Restore committee data with a new process #7

jamesturk · 2019-03-19T02:02:45Z

jamesturk
Mar 19, 2019
Maintainer

There are a lot of issues on committee information, but I don't think a lot of people interested in making PRs for it. Committee scrapers are very prone to breakage, maybe the highest of all the ones we maintain.

This leaves us in a tough spot, should we continue to provide it? Are people using this data? Is anyone interested in helping maintain it?

rconnorlawson · 2019-03-19T05:05:04Z

rconnorlawson
Mar 19, 2019

I opened openstates/people#135 as I was perusing openstates.org. I'm new to GA and was merely browsing for my own interest when I noticed the bug. While I don't currently have a particular use for such data, I think having easy-to-access, structured data on committee composition - and particularly the reverse map, legislator committee membership - is generally useful. Committee membership is an important aspect of understanding a legislator's politics and is not always readily available from other sources. The value of openstates is that it collects this information for the times when it is useful.

Regarding maintainence: In the past I have contributed an unsolicited PR for the MS scrapers. The functionality in that PR was eventually duplicated by someone on staff, and my PR was rejected. I observed several PRs from various people/states get subsumed in a similar manner during that time. I have no issue with this - the bugs were fixed, which is the ultimate goal - but this time I didn't spend the time to fix the issue when I reported it, expecting a similar response. If it's helpful, I can look at making patches for the GA committee data and scrapers.

0 replies

MH-42 · 2019-03-19T12:52:14Z

MH-42
Mar 19, 2019

I think the committee data is essential. Reps have more responsibility and leverage for work that is in their committees. The bill has to get through committee before non-committee members get a vote. Currently PA has an excellent state site for this information (e.g. https://www.legis.state.pa.us/cfdocs/cteeInfo/StandingCommittees.cfm?CteeBody=H) and RSS feeds. But I suspect as rconnorlawson said, not all states have good sites. So openstates provides a service in providing that information consistently, if it can do it with accuracy.

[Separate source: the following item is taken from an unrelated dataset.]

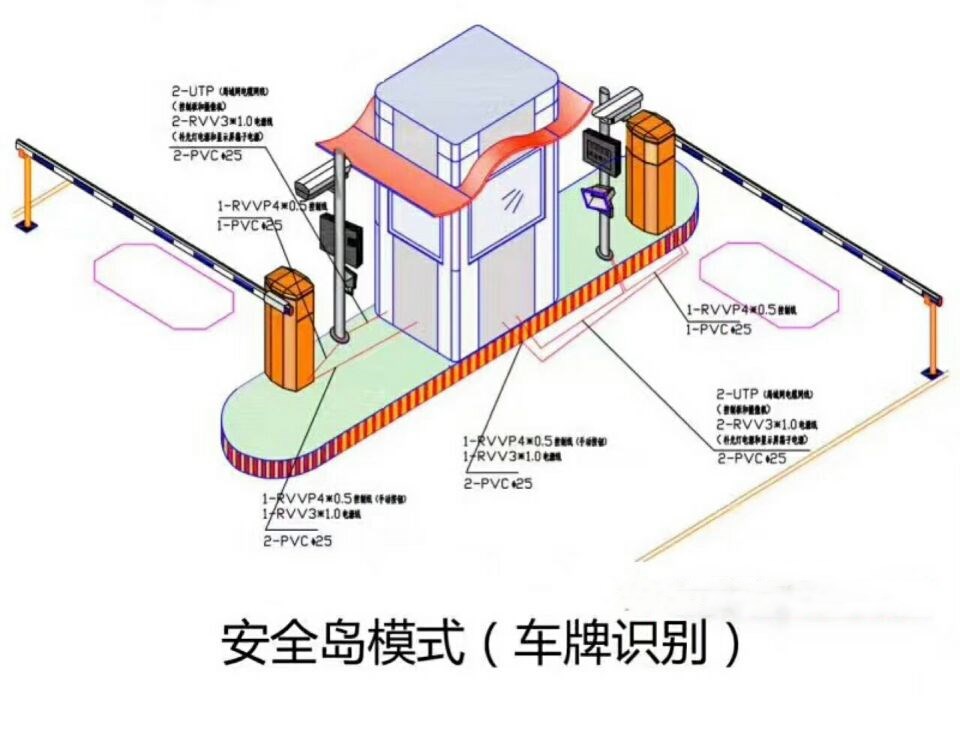 青田县双通道带岗亭车牌识别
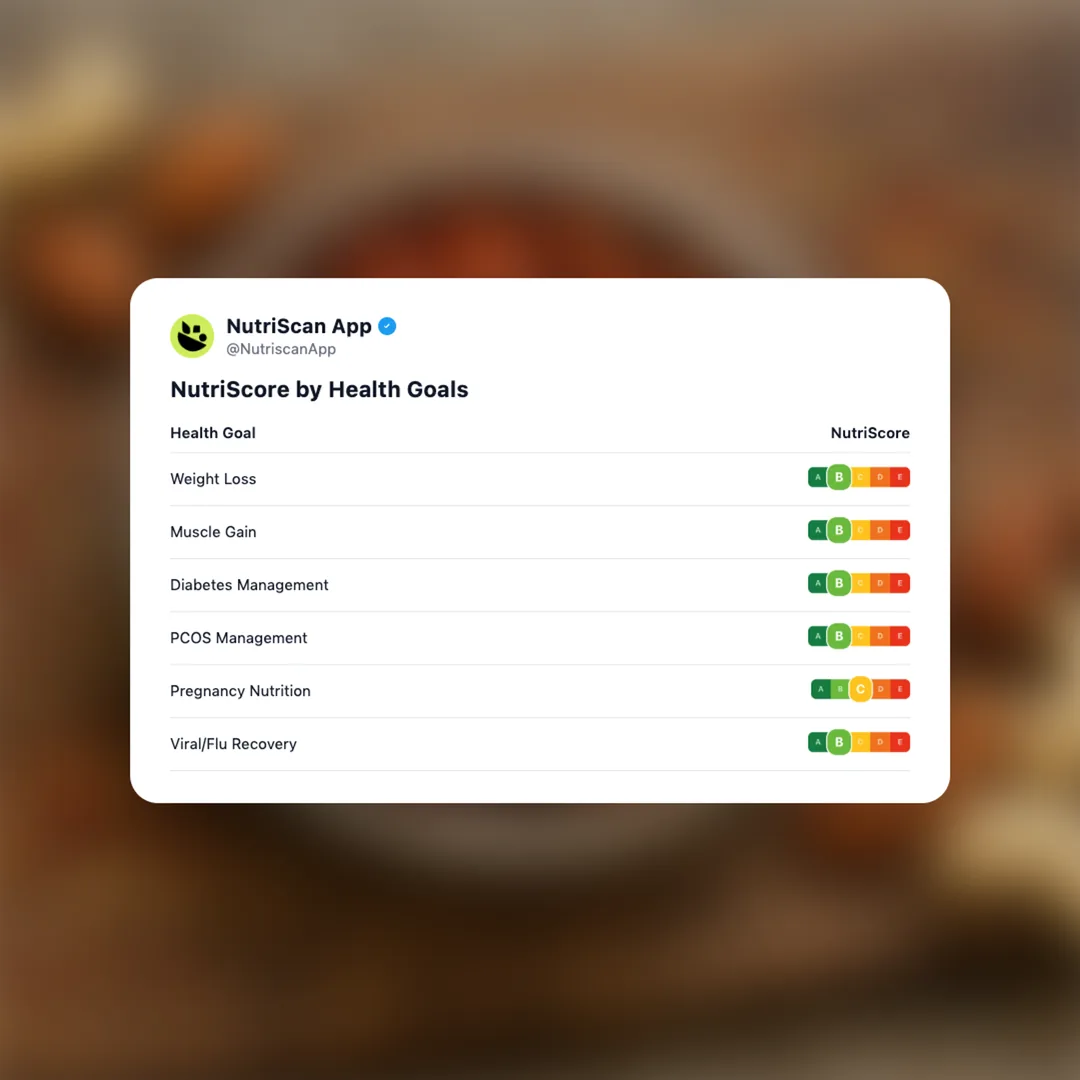 gochujang-nut-mix social card 4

Maintenance: I'm not currently in a position to promise much but am interested and may be able to help in the future; I'll take a look at the code when I can.

0 replies

jamesturk · 2020-05-08T17:44:52Z

jamesturk
May 8, 2020
Maintainer Author

Given that we don't have a maintainer and the information is very stale, I will begin the process of removing the stale info for now. This isn't meant to preclude the future inclusion, in fact I think the existing data is more of an obstacle than a help- so perhaps the removal of stale info will spur those that need new info to figure out a plan to maintain the data.

0 replies

showerst · 2020-09-29T20:18:02Z

showerst
Sep 29, 2020
Collaborator

I had some more time to look at this, and have a few thoughts:

I agree maintaining the full scrapers is too much for our current resources
That said, it would be nice to have a list of committees and aliases with some kind of canonical IDs for things like resolving sponsorships and meetings.
These don't change very often, and going into 2021 Openstates (or Govhawk for that matter) should have a 95% accurate list of state committees that currently exist.
Maybe instead of maintaining scrapers for it, we move to a YAML model like openstates-people and take PRs?
I don't think it makes sense to track contact and membership information, unless we can get a sponsor to do the work, but keeping a list of names and aliases seems doable.

Just as a proof of concept i whipped up a quick list of some CA committees in a sample format --

https://gist.github.com/showerst/56509d68dbd7527c531f7e36cebff194

I'm thinking we could do one file per jurisdiction. Haven't thought out 'retirements' (other than an end_date key).

The big obvious downside is that this doesn't come with sourced scrapers to run the updates, but we could provide small utility scripts for adding/retiring a com.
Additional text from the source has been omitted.